The annual predictions derby has started again. I wanted to resist getting into that race this year, but when I went back to see how I did at the beginning of 2010, I was pleasantly surprised. Here are the predictions I made for 2010 in my Jan. 3, 2010, commentary:
- The economy will not improve in 2010. Check!
- The unemployment rate will remain above 9 percent. Check!
- Businesses will remain in a state of “stop.” Check!
- The $787 billion stimulus will just grow government. Check!
- Republicans will regain control of the House. Check!
- The Senate will be split 50/50 (It’s 51D/47R/2Ind). Close!
Since some people will think I just got lucky last year, I decided to make some predictions for 2011:
The overall economy will get no better or no worse. Even though President Obama believes he made a huge compromise by agreeing to extend the current tax rates for two years, that time period does not remove enough uncertainty from the business environment to stimulate robust investments.
Businesses will continue to be cautious with their cash, because they usually make big investments based on at least a five to 10-year time frame to ensure they get an adequate return on their investments.
The two-year extension of tax rates, plus the two-percentage-point payroll tax holiday for employees, will help, but it will not generate the robust economic growth we need to substantially reduce the unemployment rate and stay ahead of the rapidly growing Chinese economy.
We cannot tickle our economy into robust growth. We need bold economic stimuli, and that does not mean more government spending. The $787 billion stimulus bill and the billions more in failed pop-tart programs have shown that in spades! Namely, we cannot spend our way to prosperity. We must grow our way back to economic prosperity.
The newly elected House will “repeal and replace” Obamacare. They must do so because the same voters that gave Republicans control of the House overwhelmingly want it repealed and replaced. Secondly, soon-to-be Speaker of the House John Boehner has publicly stated many times that they will do so. If any of Boehner’s Republican colleagues do not support him in that endeavor, they will be political dead meat in 2012.
That’s not a threat on behalf of the voters. It’s obvious. All one has to do is look at what happened last November at the polls. The sleeping giant that changed the political landscape is not going back to sleep.
But it’s not expected that the Democrat-controlled Senate would pass the “repeal and replace” health-care legislation, or that the president would sign it. So be it! The awakened giant will deal with them in 2012.
The House will pass a 2011 FY budget no bigger than the 2010 FY budget. Now this prediction is very risky and could severely damage my batting average when we look back next year, because of the inertia of social programs and the increasing number of eligible baby boomers.
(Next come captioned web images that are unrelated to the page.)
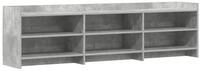 vidaXL TV-Schrank TV-Schr&auml;nk 168 x 33 x 47 cm Betongrau Holzwerkstoff (1-St)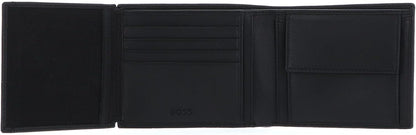 BOSS Hugo Classic Grained Wallet Black, Black, RFID, Black, RFID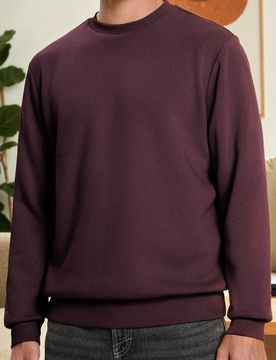 Felpa a maniche lunghe - maroon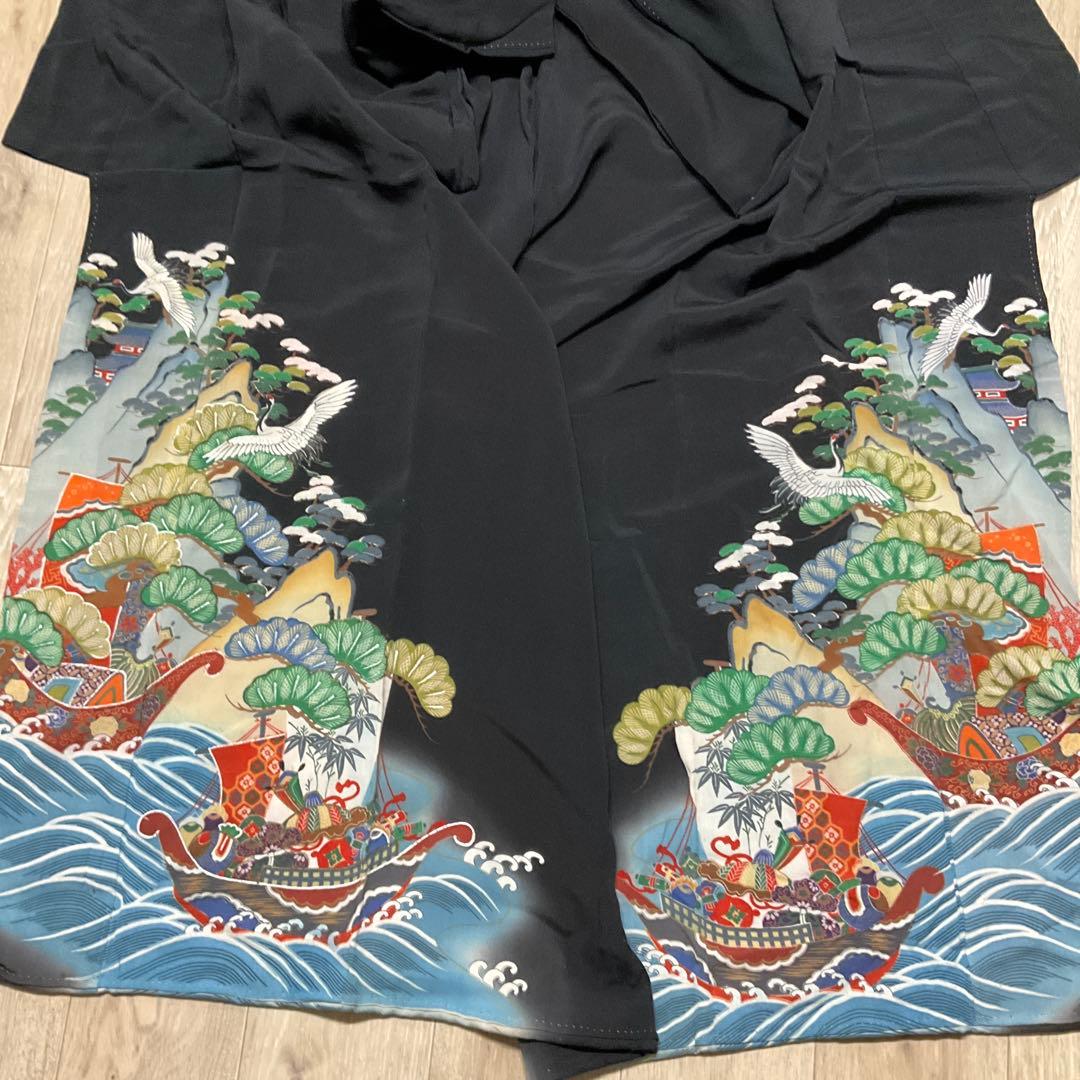 ＊*＊様 送料無料◆アンティーク留袖◆リメイク用◆錦紗縮緬◆5枚セット◆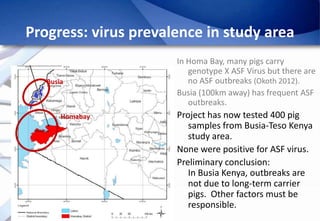 Epidemiology of African Swine Fever: A prerequisite to control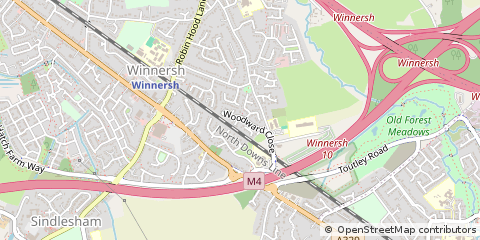 Map of Wokingham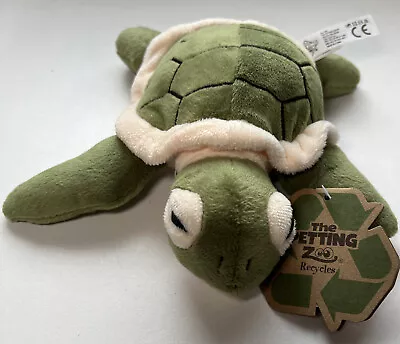 The Petting Zoo Recycled Materials Plush Green Sea Turtle • $12.99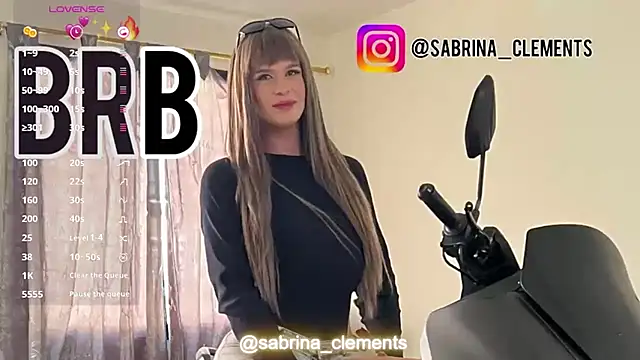 Snapshot of sabrina_clementss chatting on February 2025 10:50:01 PM sabrina clementss online show from February 2025 10:50:01 PM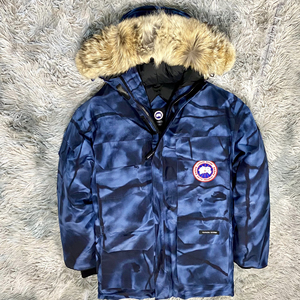 expedition 加拿大鹅蓝迷彩色男款l码远征羽绒服
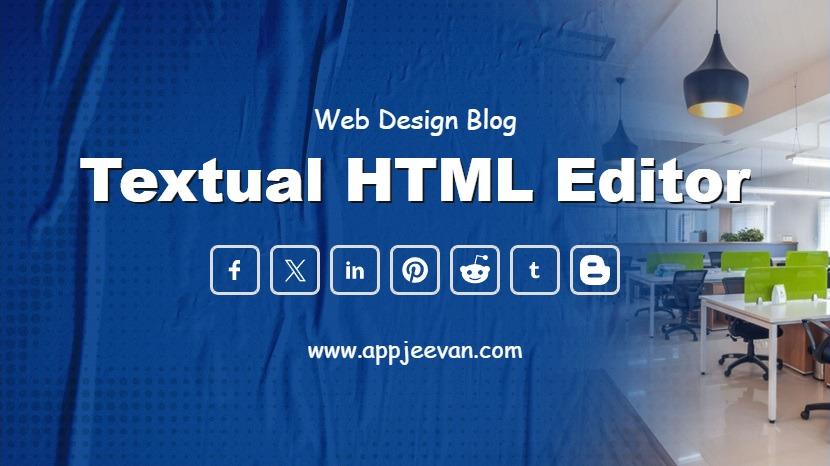 Textual HTML editor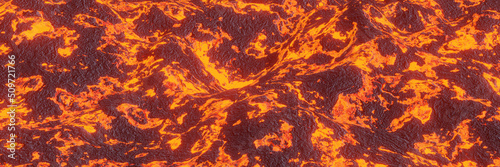 3D rendered abstract cooled volcanic lava background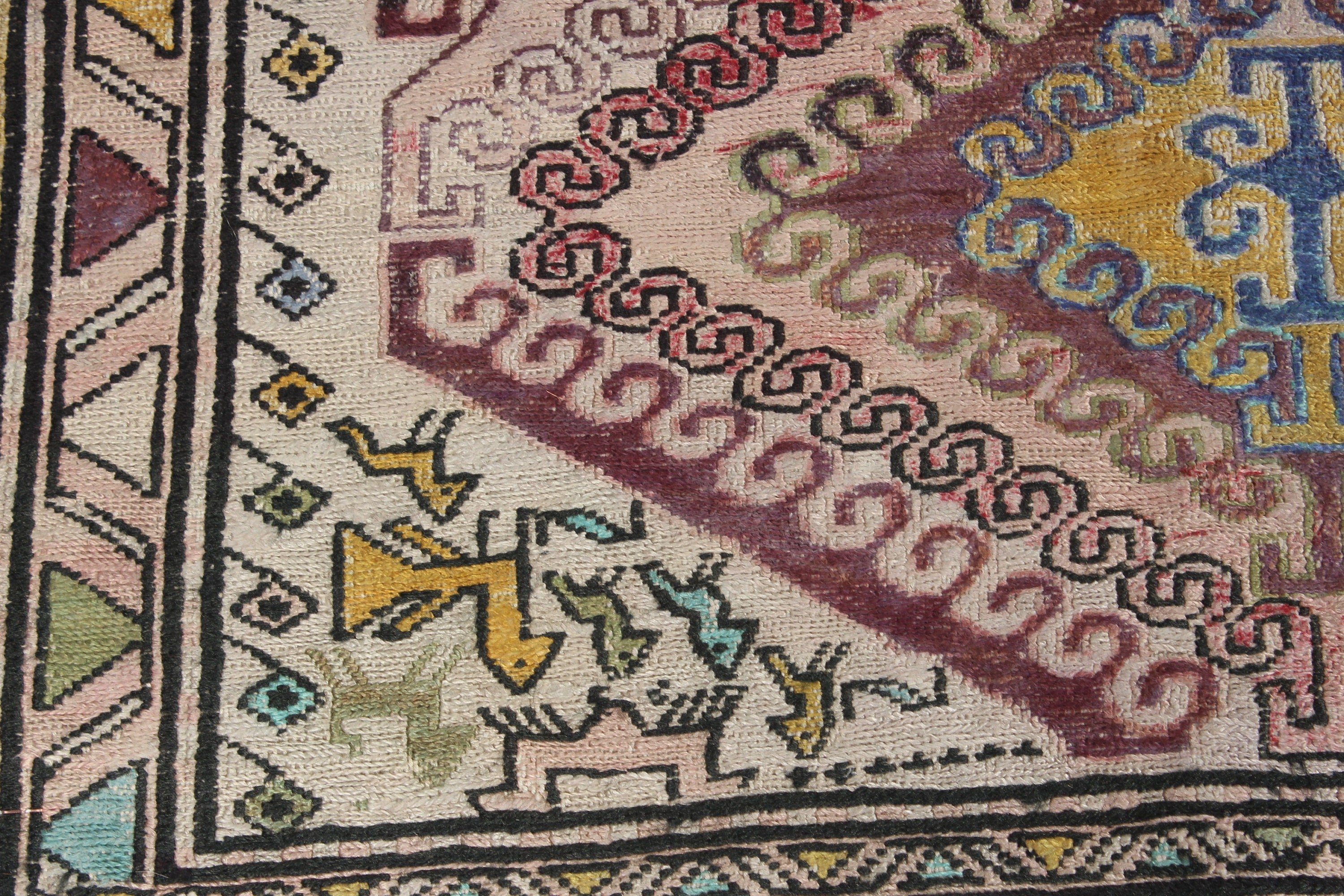 2.4x3.8 ft Küçük Halılar, Bej Mutfak Halısı, Lüks Halı, Türk Halısı, Geometrik Halılar, Kilim, Araba Paspas Halısı, Çocuk Halıları, Vintage Halılar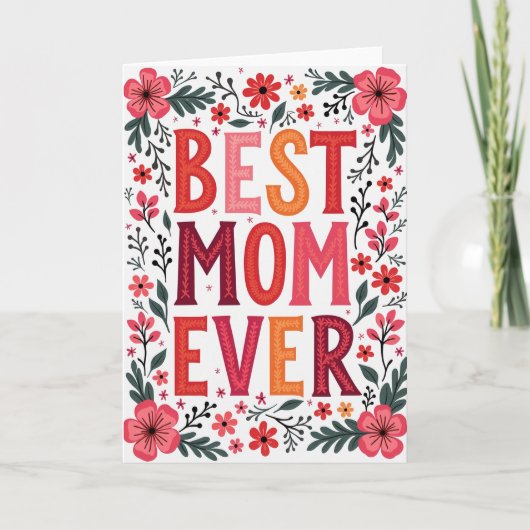 Carte Fleur Meilleure Maman (Devant)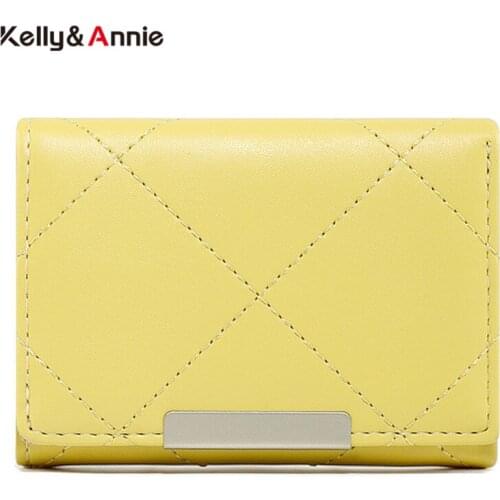 Brand Designer Thread Trifold Small Wallets For Women Card Holder Ladies Purse Fashion Pu Leather Female Wallet Womens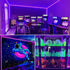 80ft 1440 12V 3 THECHAM Black Light Strip with Remote, LEDs, Flexible Blacklights for Glow Party, Adjust Brightness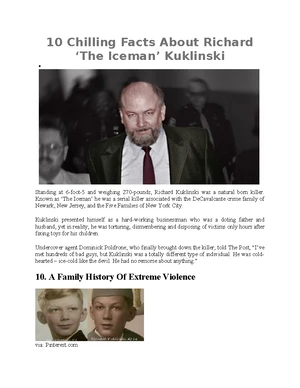 Richard Kuklinski: The Iceman - Life & Crimes of a Notorious Hitman ...
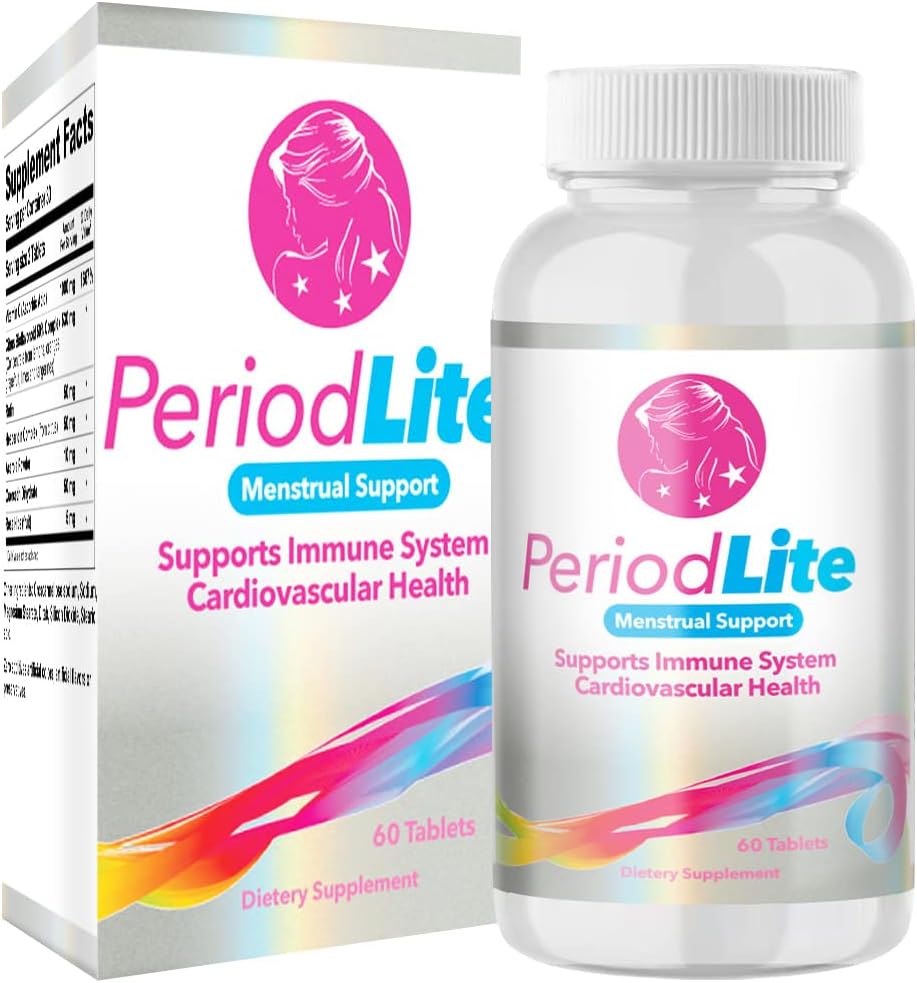 Menstrual Relief Supplement with Bioflavonoids & Vitamins - Reduces Heavy Flow & Cramps, Supports Immune System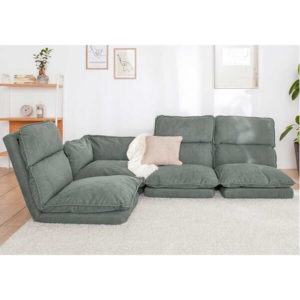 リクライニングフロアソファ ハニカムチャコール TB／CH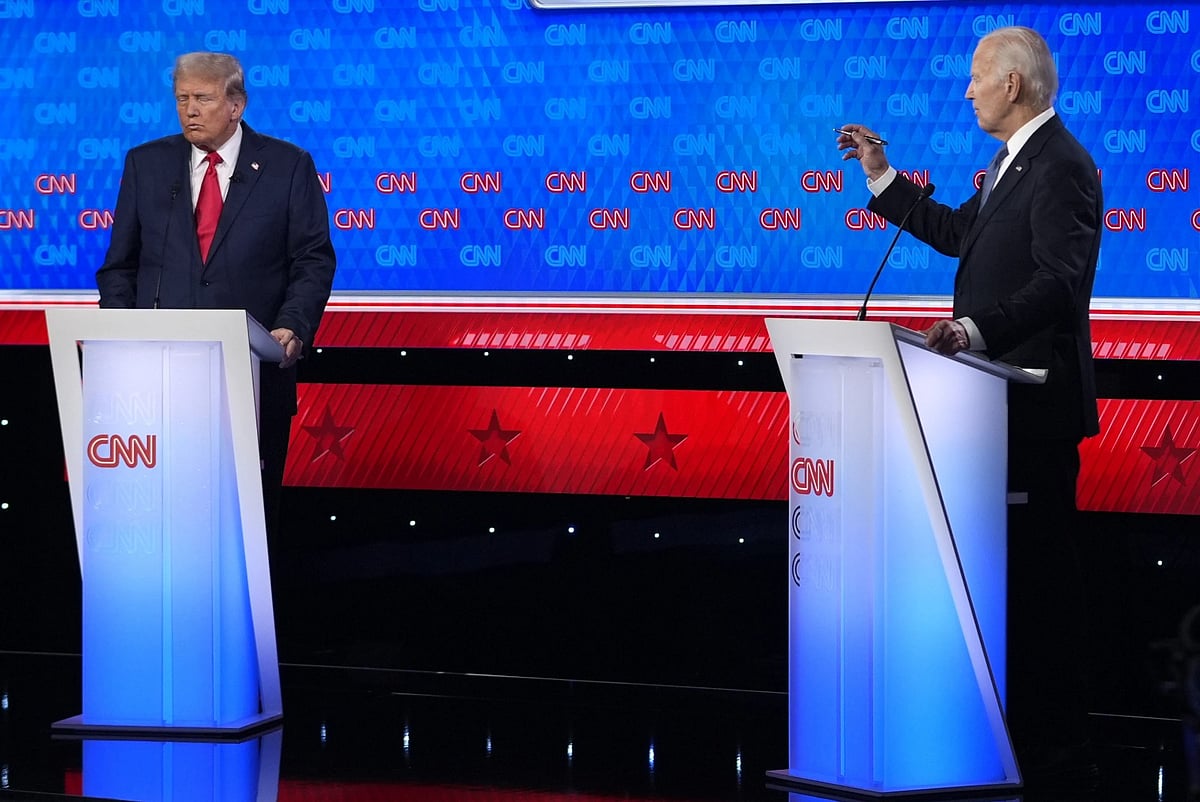 Joe Biden and Donald Trump | - AP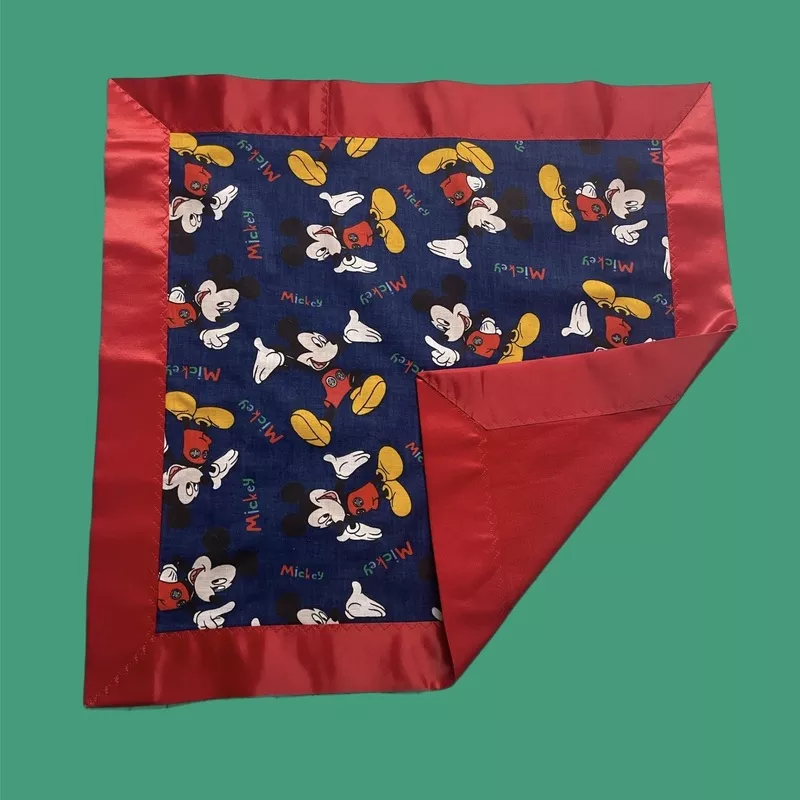 Lovey-Mickey Mouse w/Red Binding and Backing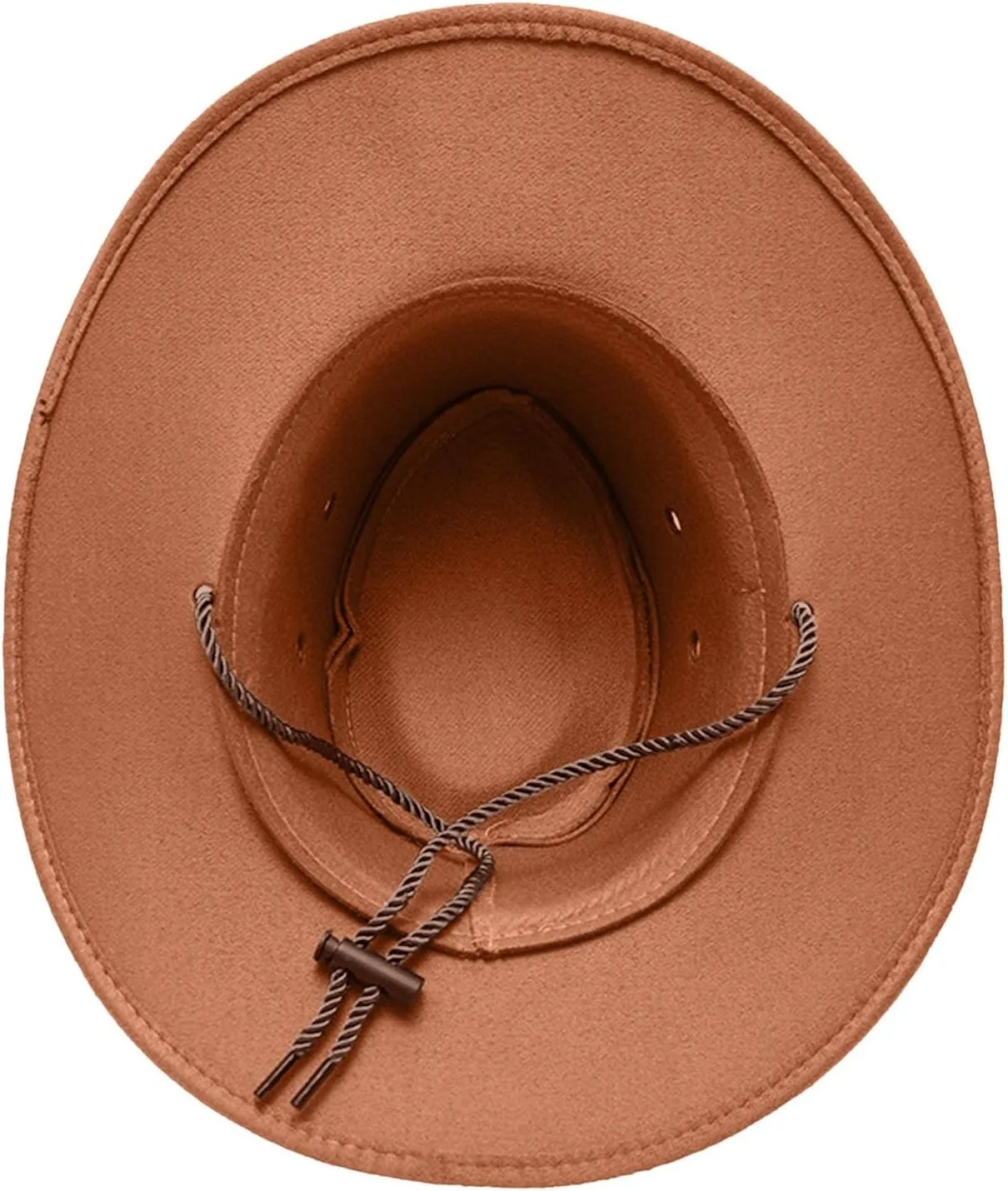 Panama Hat Men Women Wide Brim UV Protection UPF 50  Caps Adjustable Cowboy Hats with Chin Cord Retro Felt Caps Womens Mens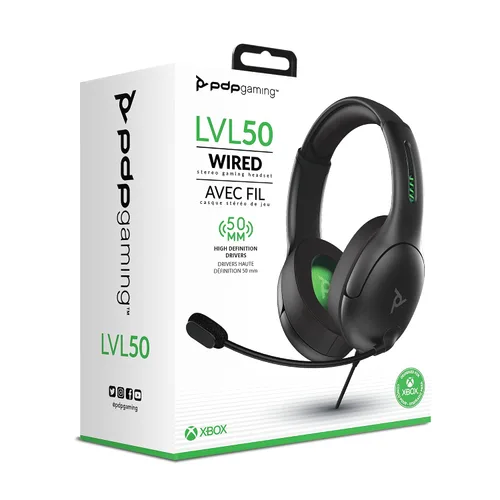 Vista 15 de PDP Gaming LVL50 Wired Stereo Gaming Headset - Xbox Series XS, Xbox One, Xbox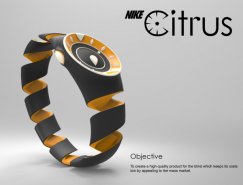 Nike Citrus 橘皮運動概念手表設計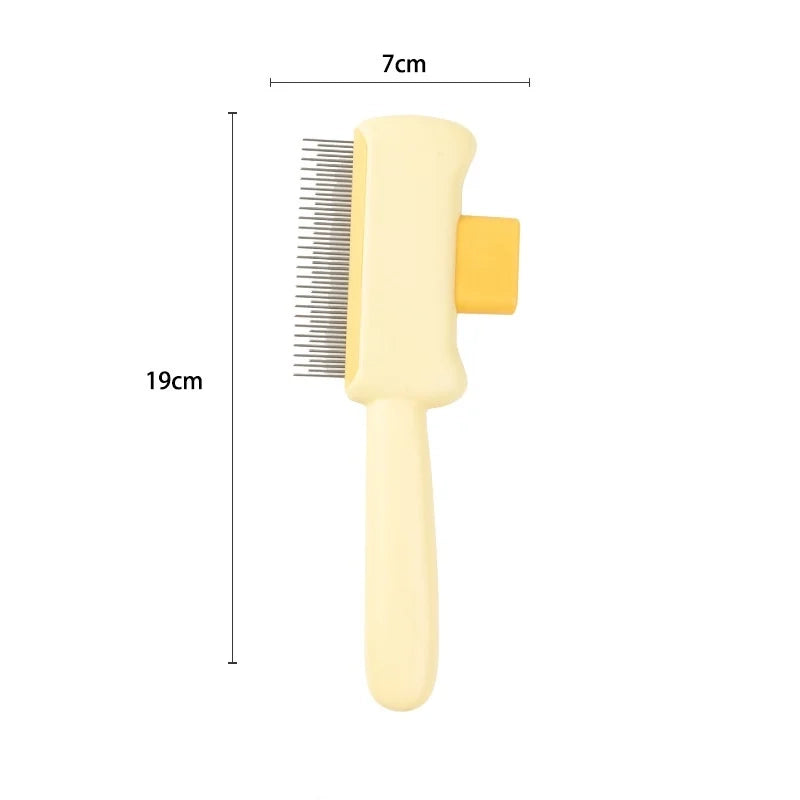 One-Button Self-Cleaning Pet Grooming Brush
But I am hopeful that deficit hawk Paul Ryan, R-Wis., the incoming budget committee chairman, will be able to fight off the spending vultures.
If the House is able to pass reduced federal budgets for FY 2011 and FY 2012 as Speaker Boehner has suggested, then the electorate would greatly reward the Republicans with more seats in 2012. That’s not a prediction; that’s just optimism.
If Congress and the administration exceed my predictions, then it would be good for the country. In that case, I would be happy to be wrong this time next year.